### ASSIGNED TASK
Copying rule for the data below: take the line containing "វីដេអូ​របស់ Nice2MeetYum (@nice2meetyum)" and every line after it to the end, exactly, and drop all pictures.

### PROVIDED RECORDS
··········
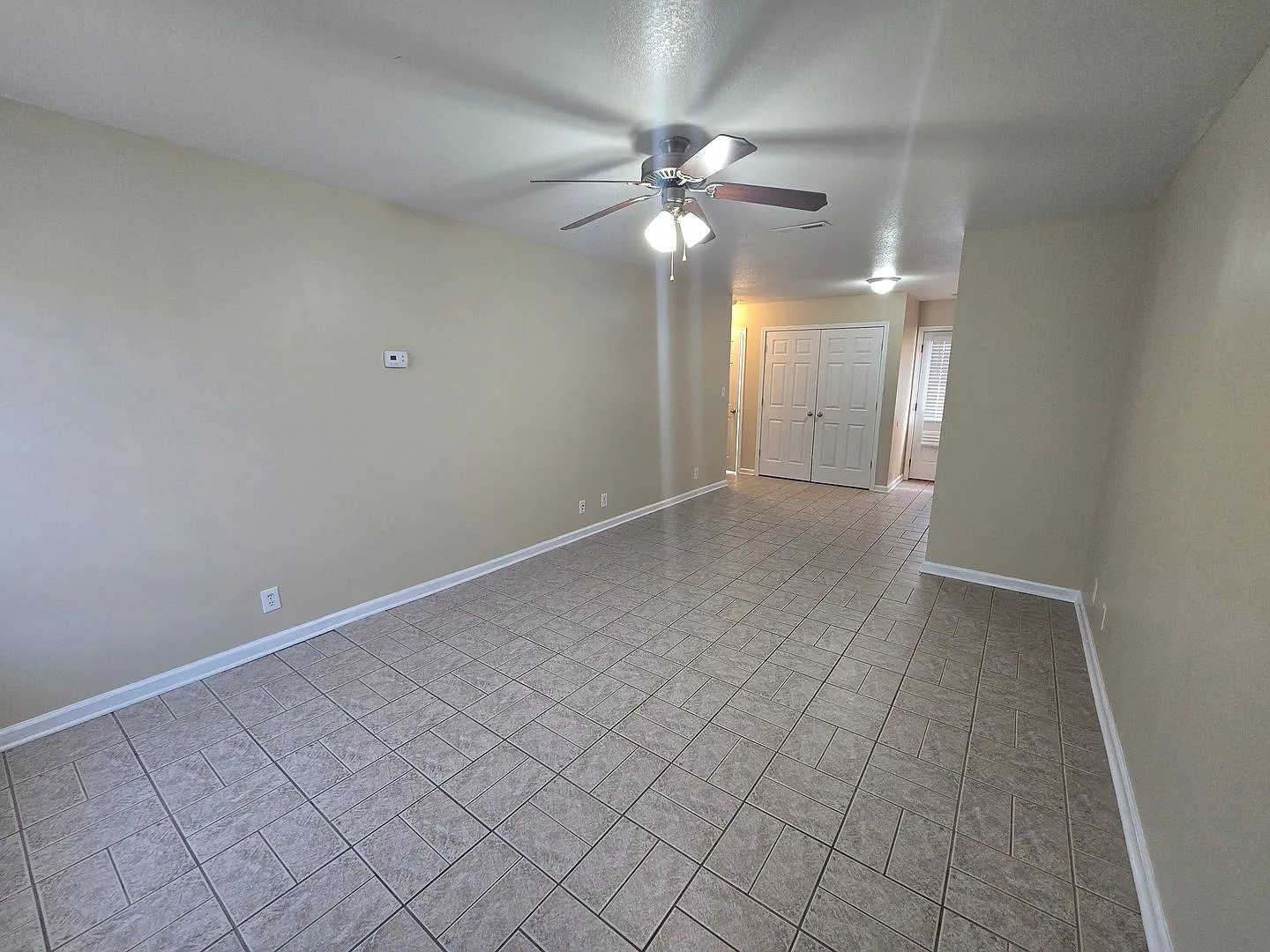 535 Lafayette Rd — Photo 3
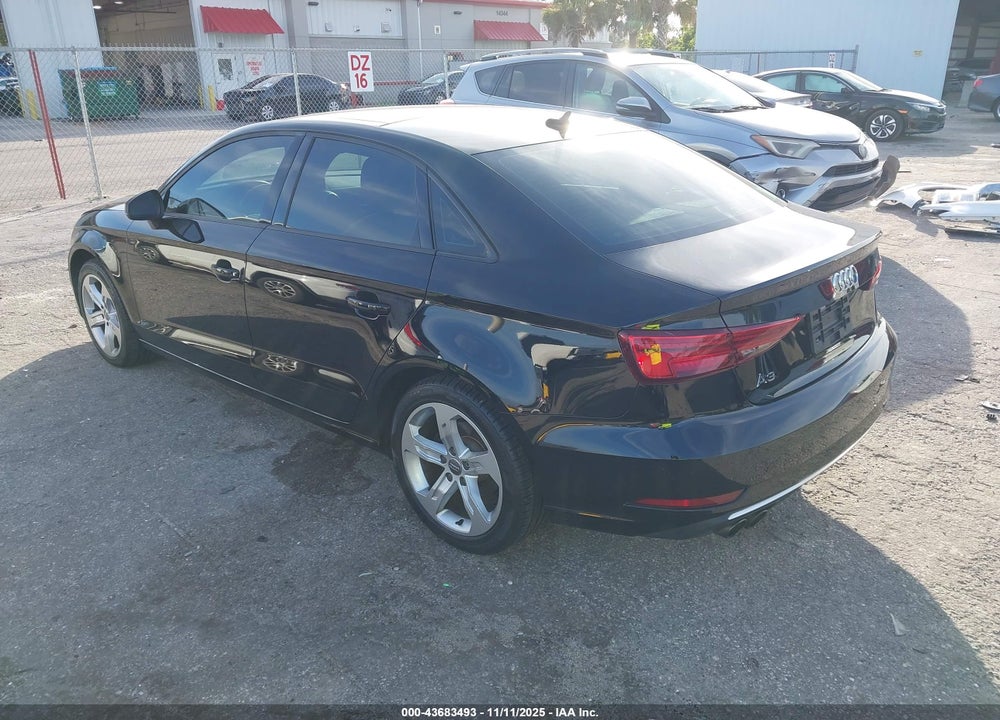 2017 AUDI A3 2.0T PREMIUM VIN: WAUAUGFF2H1052584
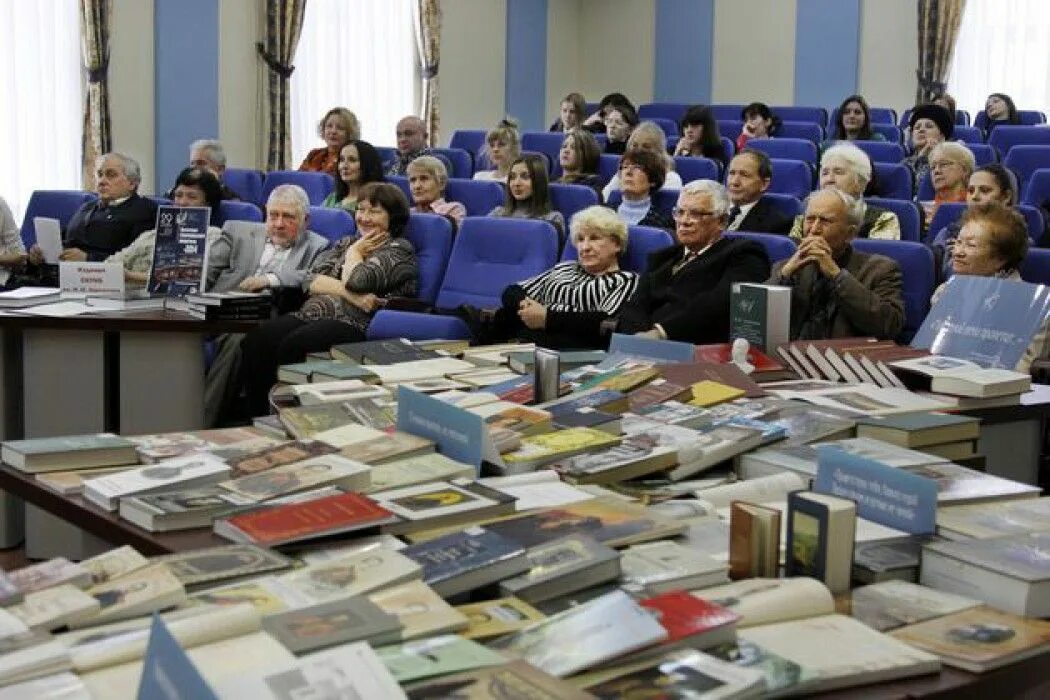 Библиотека имени Лермонтова Ставрополь. Ставропольская научная библиотека имени м ю Лермонтова Ставрополь. Лермонтовская библиотека Ставрополь. Лермонтовка Ставрополь библиотека. Сайты библиотек ставрополя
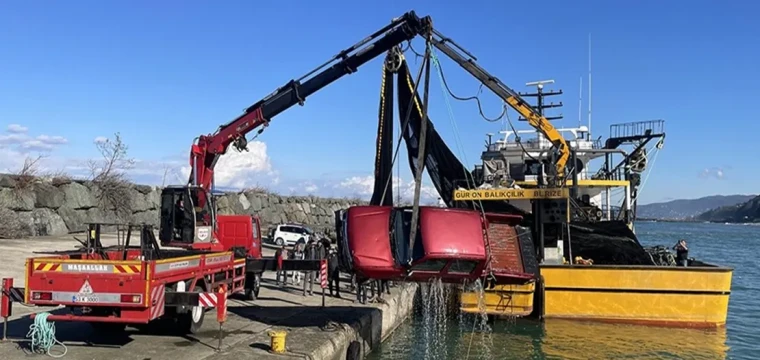 Fırtınada Sürüklenen Kamyonet Vinçle Kurtarıldı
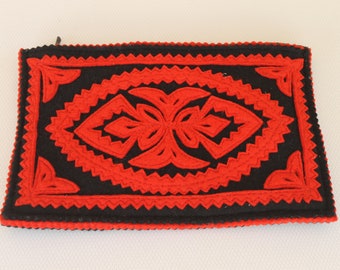 Vintage portemonnee, rood zwart cosmetisch hoesje, versierd zakje, cadeau voor haar
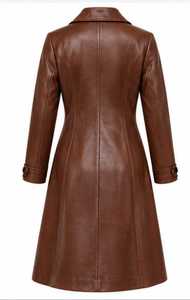 Gabardina Larga de Cuero Marrón para Mujer con Cierre de Botones - Product Image 6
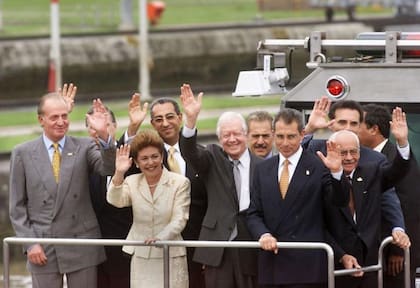 La entonces presidenta de Panamá, Mireya Moscoso, y el exmandatario estadounidense Jimmy Carter, ambos al centro de la imagen, el día del traspaso definitivo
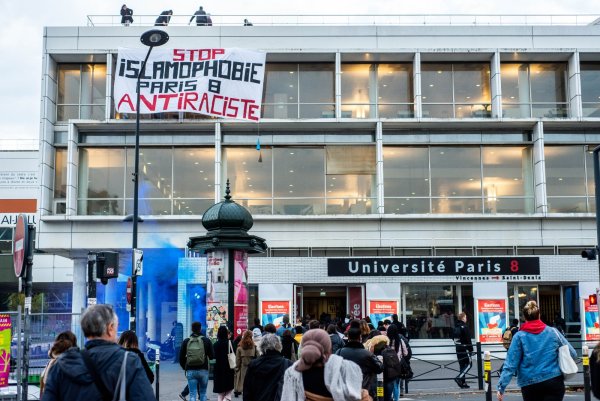 « Paris 8 anti-raciste » : matinée d'action du NPA Jeunes contre l'islamophobie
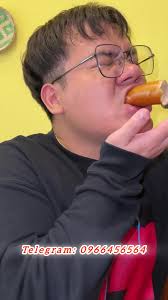 វីដេអូ​របស់ Nice2MeetYum (@nice2meetyum) ជាមួយ RUNAWAY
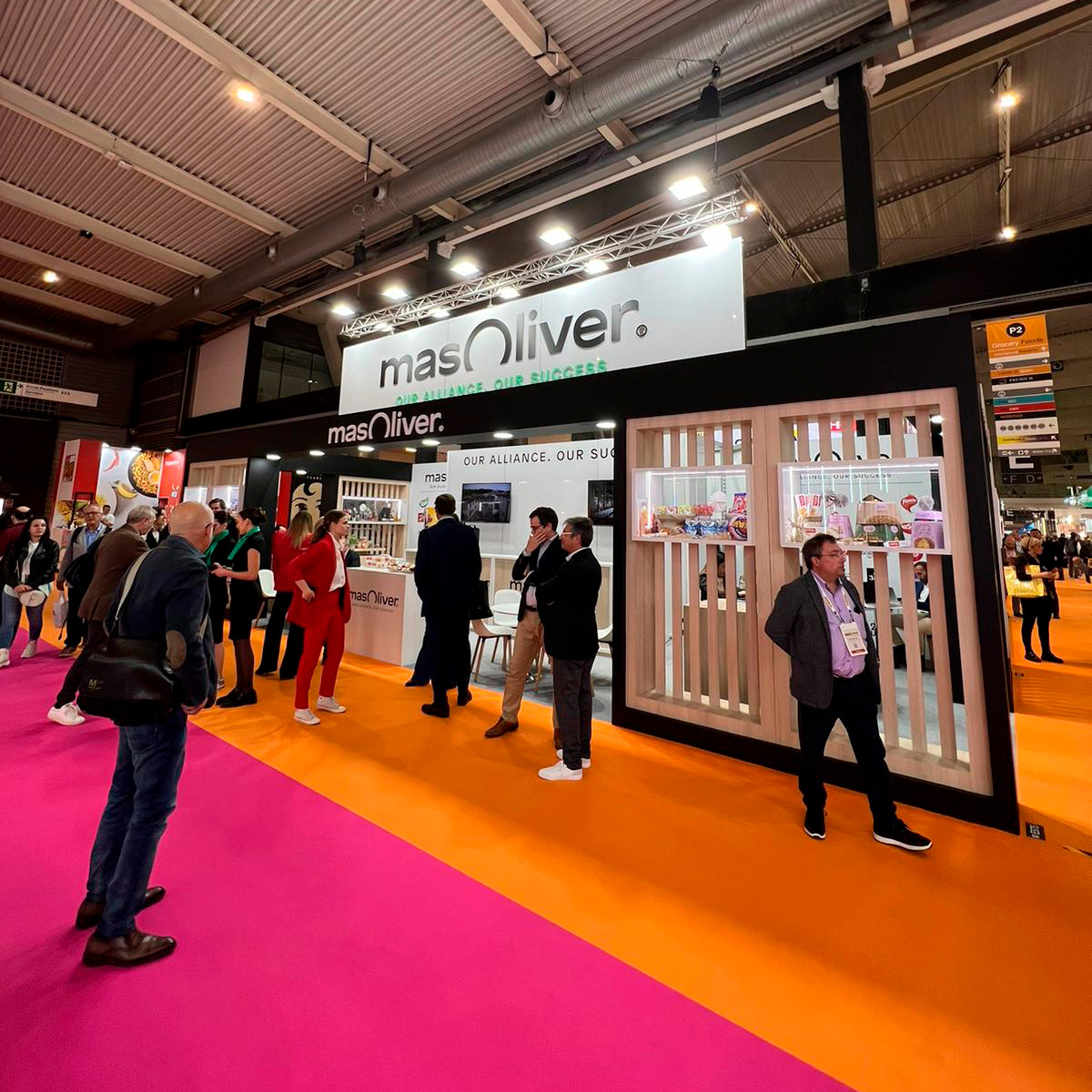 ¡Seguimos un día más en #Alimentaria2024! Ven a visitarnos en nuestro Stand E575 en el pabellón 2. ¡Te esperamos!

#feria #feriaAlimentaria #distribuidor #alimentación #bebidas #masoliver #masolivergroup #masoliverbrands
··········
### RESPONSE TO THIS TASK
 វីដេអូ​របស់ Nice2MeetYum (@nice2meetyum) ជាមួយ RUNAWAY
 ¡Seguimos un día más en #Alimentaria2024! Ven a visitarnos en nuestro Stand E575 en el pabellón 2. ¡Te esperamos!

#feria #feriaAlimentaria #distribuidor #alimentación #bebidas #masoliver #masolivergroup #masoliverbrands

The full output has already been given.